The festival, also known as Ganeshotsav ("festival of Ganesha") is observed in the Hindu calendar month of Bhaadrapada, starting on the shukla chaturthi (fourth day of the waxing moon period). The date usually falls between 19 August and 15 September. The festival lasts for 10 days, ending on Anant Chaturdashi (fourteenth day of the waxing moon period).

While celebrated all over India, it is most elaborate in Maharashtra, Andhra Pradesh, Karnataka and Goa. Outside India, it is celebrated widely in Nepal and by Hindus in the United States, Canada, Mauritius, Singapore and Fiji. The festival is observed in the Hindu calendar month of Bhaadrapada, starting on the shukla chaturthi (fourth day of the waxing moon). The date usually falls between 19 August and 15 September. The festival lasts for 10 or 12 days, ending on Anant Chaturdashi. This festival is observed in the lunar month of bhadrapada shukla paksha chathurthi madhyahana vyapini purvaviddha. If Chaturthi prevails on both days, the first day should be observed. Even if chaturthi prevails for the complete duration of madhyahana on the second day, if it prevails on the previous day's madhyahana period even for one ghatika (24 minutes), the previous day should be observed.

Legend
Traditional stories tell that Lord Ganesha was created by goddess Parvati, consort of Lord Shiva. Parvati created Ganesha out of sandalwood paste that she used for her bath and breathed life into the figure. She then set him to stand guard at her door while she bathed.

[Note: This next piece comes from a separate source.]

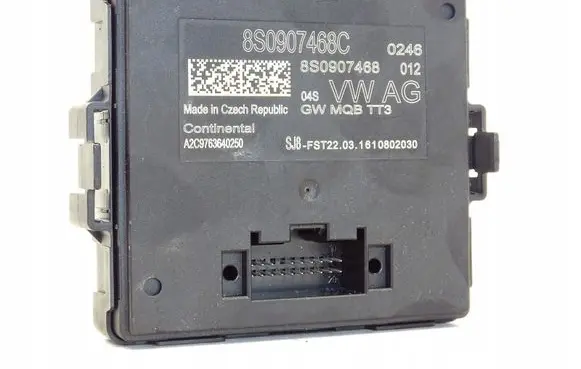 Audi TT TTS Mk2 Gateway control module 8S0907468C
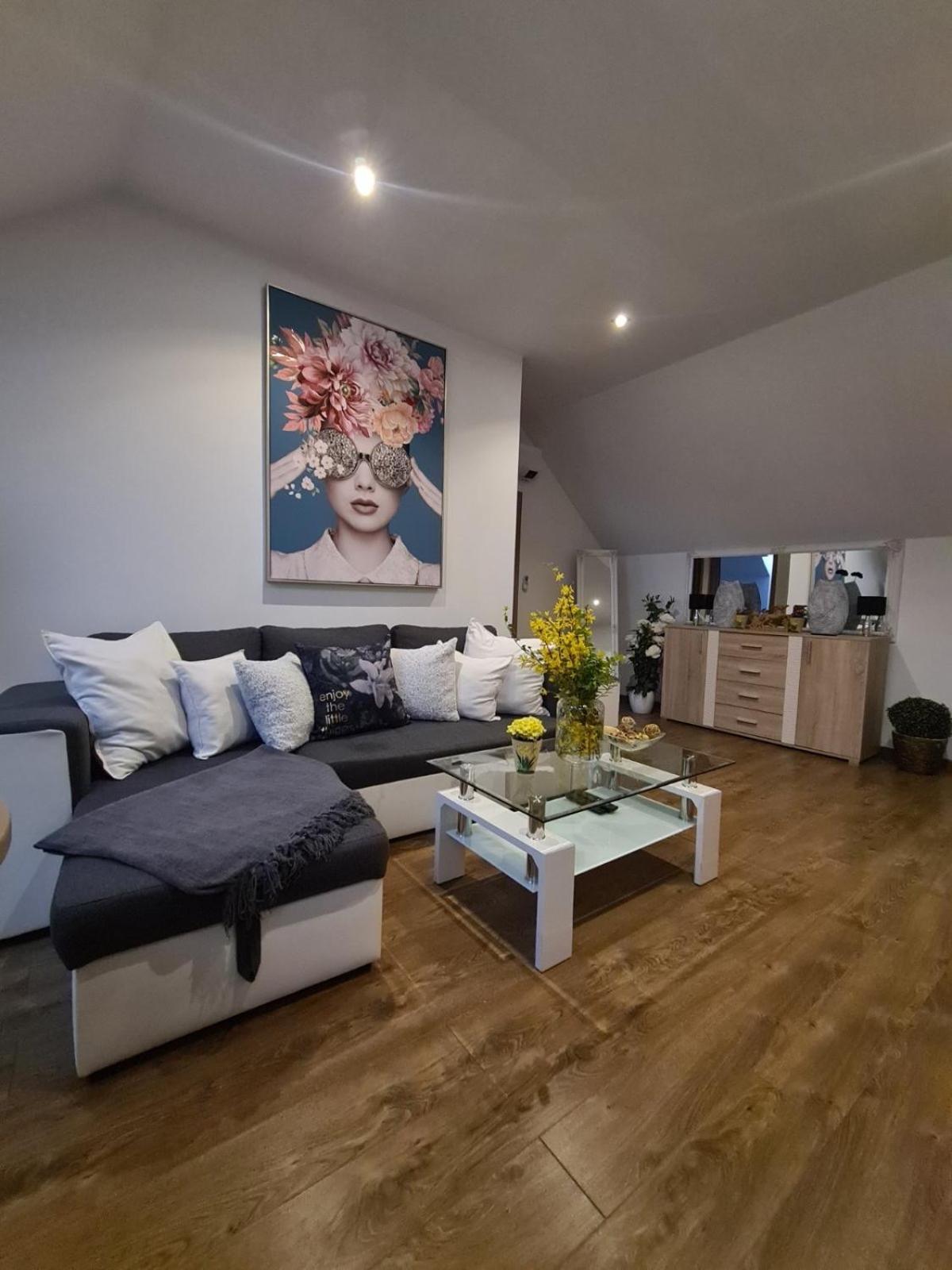 Apartment Zvonarska With Parking Koszyce Zewnętrze zdjęcie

Lord Shiva returned and, as Ganesha didn't know him, he didn't allow him to enter. Lord Shiva became enraged, severed the head of the child and entered his house. After realizing that he had beheaded his own son, Lord Shiva fixed the head of an elephant in place of Ganesha's head. In this way, Lord Ganesha came to be depicted as the elephant-headed God.

Two to three months before Ganesh Chaturthi, artistic plaster of Paris (originally clay) models of Lord Ganesha are made for sale by specially skilled artisans. They are beautifully decorated and depict Lord Ganesh in poses. The size of these statues may vary from 3/4 of an inch to over 70 feet.

Ganesh Chaturthi starts with the installation of these Ganesh statues in colorfully decorated homes and specially erected temporary structures mandapas (pandals) in every locality. The pandals are erected by the people or a specific society or locality or group by collecting monetary contributions. The pandals are decorated specially for the festival, either by using decorative items like flower garlands, lights, etc. or are theme based decorations, which depict religious themes or current events.

The priest, usually clad in red or white dhoti and uttariyam (Shawl), then symbolically invokes life into the statue by chanting mantras. This ritual is the Pranapratishhtha. After this the ritual called as Shhodashopachara (16 ways of paying tribute) follows. Coconut, jaggery, 21 modakas, 21 durva (trefoil) blades of grass and red flowers are offered. The statue is anointed with red unguent, typically made of kumkum and sandalwood paste. Throughout the ceremony, Vedic hymns from the Rig Veda, the Ganapati Atharva Shirsha Upanishad, and the Ganesha stotra from the Narada Purana are chanted.

Ganesha is worshiped for 10 days from Bhadrapada Shudha Chaturthi to the Ananta Chaturdashi, On the 11th day, the statue is taken through the streets in a procession accompanied with dancing, singing, and fanfare to be immersed in a river or the sea symbolizing a ritual see-off of the Lord in his journey towards his abode in Kailash while taking away with him the misfortunes of his devotees. This is the ritual known as Ganesha Visarjane in Kannada, Ganesh Visarjan in Marathi.